# Width of trailer



## MyBoyPuck (Mar 27, 2009)

So I started looking at trailers to try and get ideas of what I need. One person showing us Hawk trailers suggested that I should be looking for a 6' wide for my TB because as she put it, horses like to feel snug and secure in there particularly around corners. I'm confused by this since all I ever hear is that horses are claustrophic and hate tight spaces. My horse has no trailer issues. He'll load himself as long as there's a bag of hay in there. Does anyone agree or disagree with this statement for any particular reason?


----------



## Dressage10135 (Feb 11, 2009)

Hmm.... well I've never heard that horses like tighter spaces instead of more room. I personally have been looking for trailers also and everyone has been pretty much saying "the bigger the better". I actually just bought my first trailer (yay!) and am going to pick it up this saturday. I will enclose some pics of it. It is 8'3" wide and 16' long. Its a two horse slant, and personally, thats as small as I would get. Especially if you have a big horse. Anyways, enough rambling :lol:


----------



## My Beau (Jan 2, 2009)

I don't know about the whole "they like tighter spaces" thing, but being a little snug helps them balance themselves as they can lean into the wall/divider if need be.

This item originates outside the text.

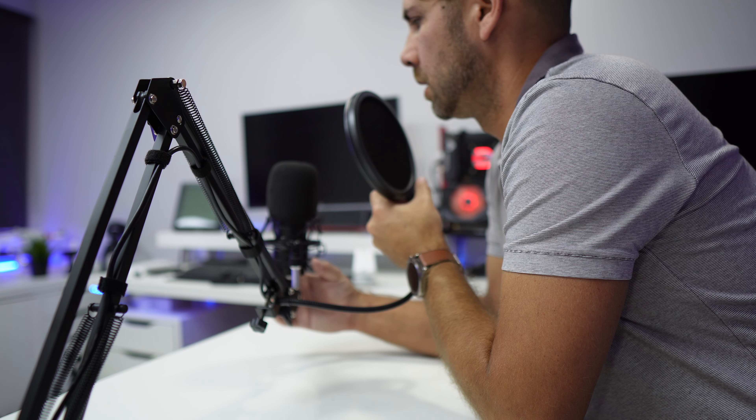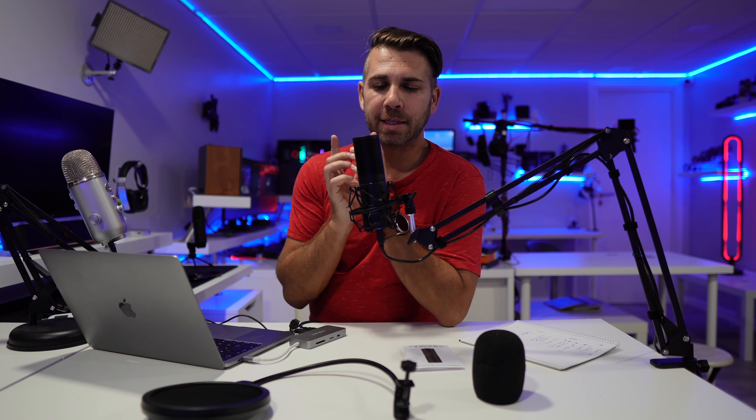When doing voiceovers, the pop filter is something I only use when recording for a client where I need to focus on the script and not on my distance from the microphone. That's the only reason I use a pop filter — to deliver great audio quality without issues. For YouTube, I'd honestly use it without a filter because I like seeing the microphone's design. On YouTube people excuse occasional mistakes, but on a voiceover for a client that's not acceptable. That said, considering the price — including the arm and shock mount — it's really hard to say no.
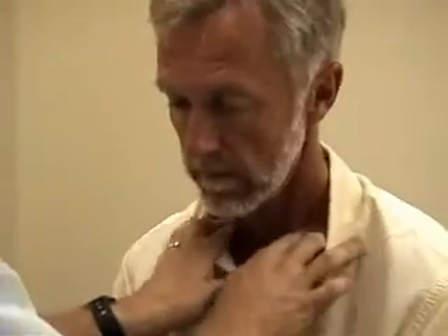And finally, the supraclavicular area. Just bend your chin forward a bit for me. That relaxes the muscles to hollow out the supraclavicular fossa for you a little bit.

And 6' is a pretty standard INSIDE width of a trailer. Our's is warmblood size and 5'10" inside, it's plenty big for my wide QH gelding.


----------



## Indyhorse (Dec 3, 2009)

^^ yeah, what she said *lol*

I've never heard in terms of horses "liking" cramped spaces, but I've always heard a snugger fit is better for the horse keeping their balance.


----------



## ~*~anebel~*~ (Aug 21, 2008)

Snug is good, we like snug! Don't want a horse going down because there's nothing to lean on. In the Hawks they also tend to have wiggle room so if you have a big horse and a little horse the partition will shift so the big horse has more room.

I love Hawk trailers. They are sent from heaven!! We trailer in a WB sized two horse straight haul, fits our two big boys in there just great, and all our stuff for 3-4 day horse shows. My favorite thing about the two horse straight hauls is that you can take out the manger, or have a hay net and the horse can get its head down all the way to clear its airways. And they usually have ramps, their ramps are nice because they have traction but good luck trying to clean them.


----------